• U.S.

Art: Wonderstone Wonders

3 minute read
TIME

Samuel Songo, a Mashona tribesman of Southern Rhodesia, has a left arm that is like a magnificent piece of ebony sculpture. But the rest of his body is stunted and crippled; his reedy heron’s legs are too frail to carry him, and he can use only two fingers at the end of his wizened right arm. When Africa was darkest, such human culls as Sam Songo were staked out for the leopards to rid them from the tribe. But Sam was allowed to live and to learn to carve living figures in stone with those two fingers and his good left arm.

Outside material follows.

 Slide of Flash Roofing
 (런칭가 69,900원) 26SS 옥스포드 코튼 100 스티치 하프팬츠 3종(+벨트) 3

Last week a collection of Songo’s sculptures in polished, grey-blue wonderstone (an African soapstone) was on tour in England with a show of African primitives by young students of the Anglican Church’s Cyrene school, near Bulawayo in Southern Rhodesia. Among pictures of Biblical scenes, painted in colors as vivid as parrot feathers, and chiseled Christs with kinky hair, the hit of the show was Songo’s Prodigal Son. The moving, 15-inch figures of the rich father and dissolute son, like all the Negro artist’s carvings, seemed to have in miniature the massive power of a primitive Epstein.

Natural Harmony. Even in the rural Midlands, where dowagers were somewhat affronted that the black artist should imagine Jesus as an African, discerning art-lovers were charmed by Sorgo’s figures. One London critic thought that Songo might be leading a triumphant invasion of the Africans. And artists envied the harmony of spirit in his work. Said one: “If European artists manage to pull off this harmony, they reckon they’re lucky. But with these boys it’s natural.”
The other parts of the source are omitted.